§ WHAT YOU ARE ASKED TO DO
In the listing below, find the line with "May include: Three" and the line with "Glowing Christmas lights on wooden table", then return them and every line between them exactly, minus the pictures.

§ SOURCE MATERIAL

====

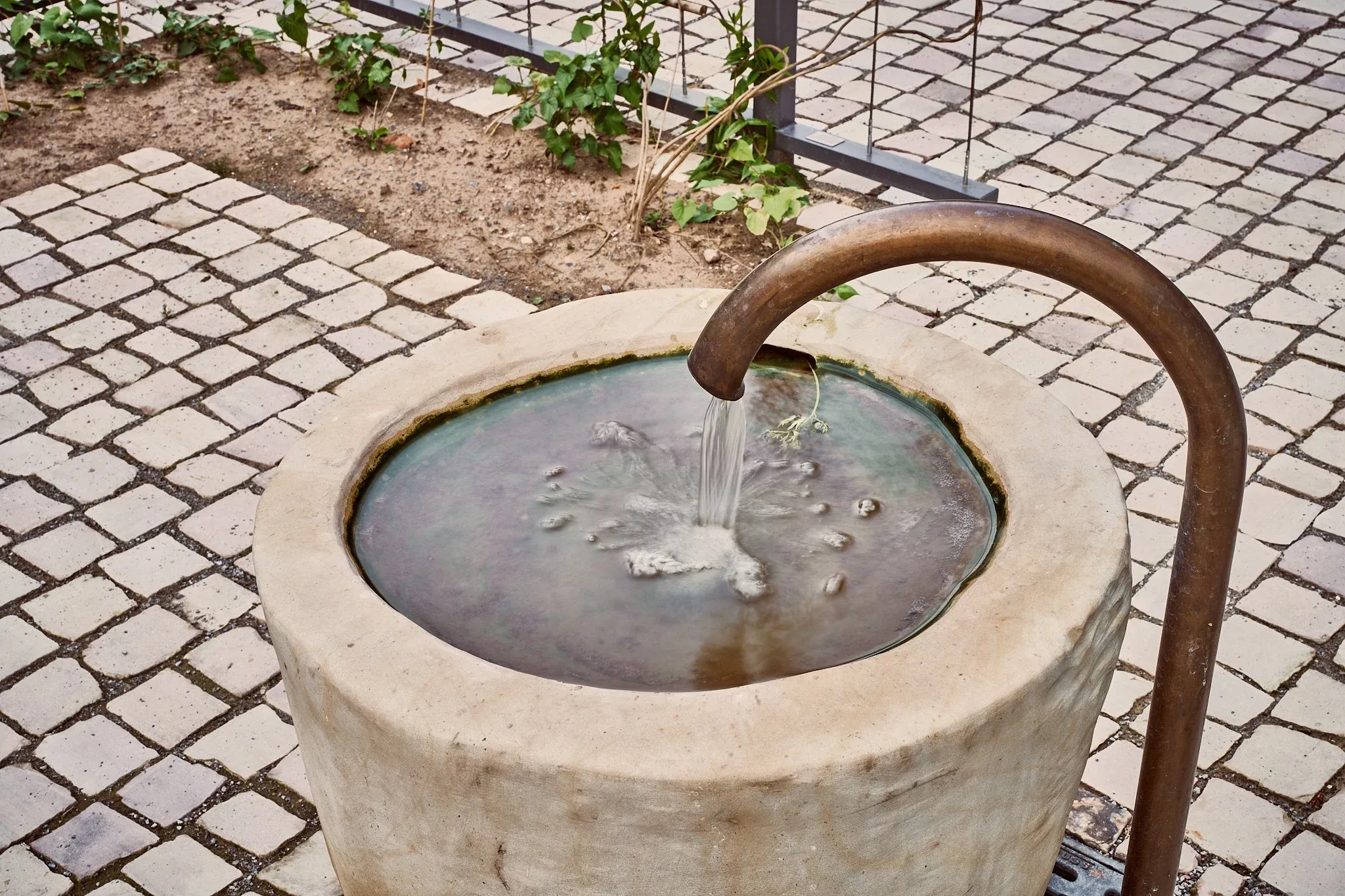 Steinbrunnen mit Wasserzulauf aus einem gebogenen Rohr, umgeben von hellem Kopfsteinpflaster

====

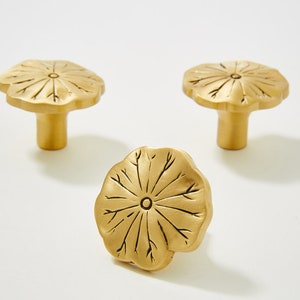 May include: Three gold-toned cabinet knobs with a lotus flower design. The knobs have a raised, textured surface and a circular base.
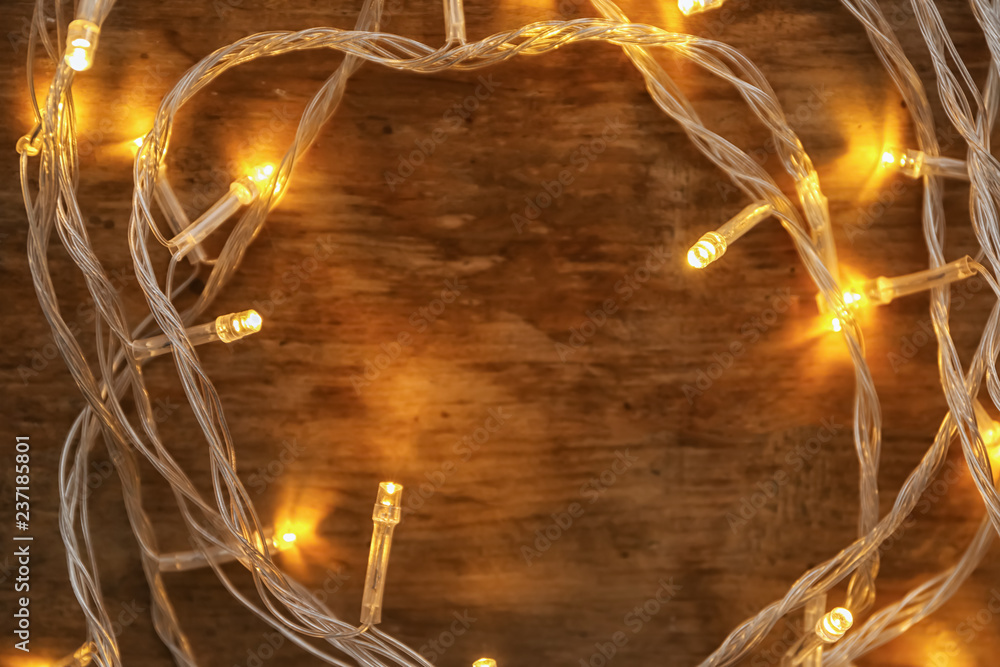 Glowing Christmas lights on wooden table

====

§ PROBLEM SOLUTION
 May include: Three gold-toned cabinet knobs with a lotus flower design. The knobs have a raised, textured surface and a circular base.
 Glowing Christmas lights on wooden table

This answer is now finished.